Requirement: Write out the entries verbatim and leave the images out of the copy.

[Data entries]
"""

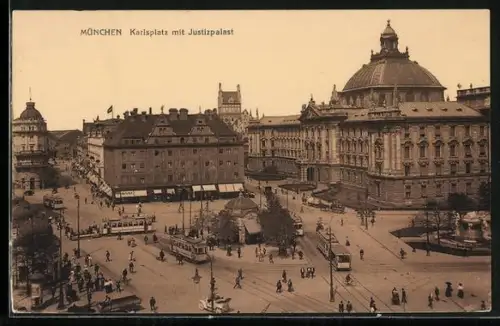 AK München, Karlsplatz mit Justizpalast u. Strassenbahnen aus der Vogelschau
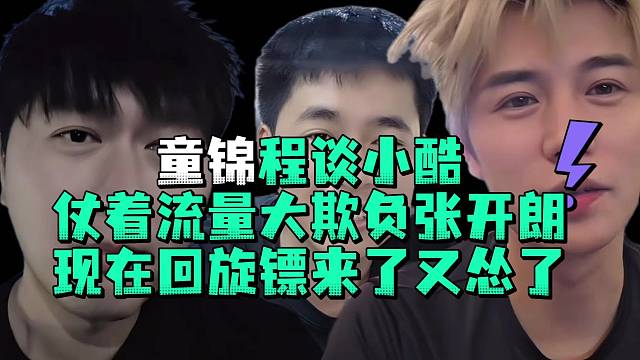 童锦程谈小酷仗着流量大欺负张开郎现在回旋镖来了又怂了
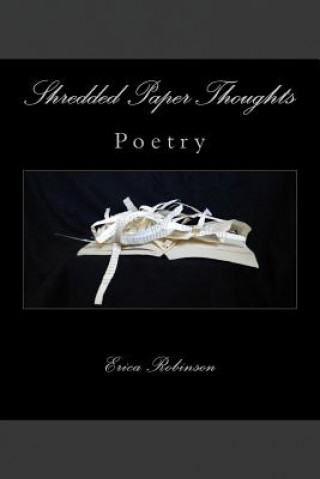 Knjiga Shredded Paper Thoughts Erica Robinson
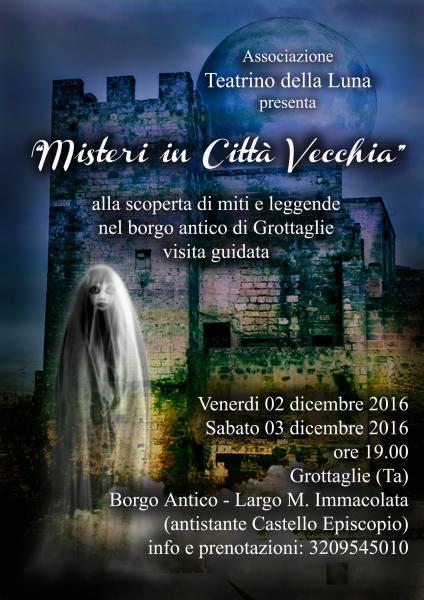Misteri in Città Vecchia - alla scoperta di miti e leggende nel borgo antico di Grottaglie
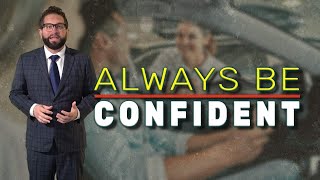 Always be Confident [upl. by Noral]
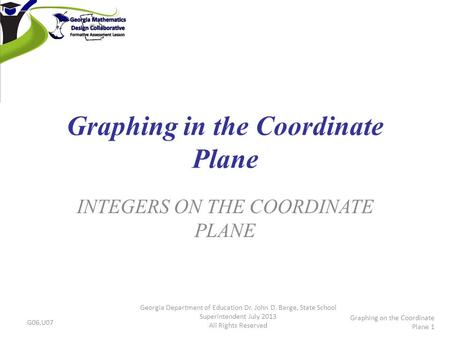 Graphing in the Coordinate Plane INTEGERS ON THE COORDINATE PLANE G06.U07 Georgia Department of Education Dr. John D. Barge, State School Superintendent.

"""

Exercise output:
 AK München, Karlsplatz mit Justizpalast u. Strassenbahnen aus der Vogelschau
 童锦程谈小酷仗着流量大欺负张开郎现在回旋镖来了又怂了
 Knjiga Shredded Paper Thoughts Erica Robinson
Misteri in Città Vecchia - alla scoperta di miti e leggende nel borgo antico di Grottaglie
 Always be Confident [upl. by Noral]
 Graphing in the Coordinate Plane INTEGERS ON THE COORDINATE PLANE G06.U07 Georgia Department of Education Dr. John D. Barge, State School Superintendent.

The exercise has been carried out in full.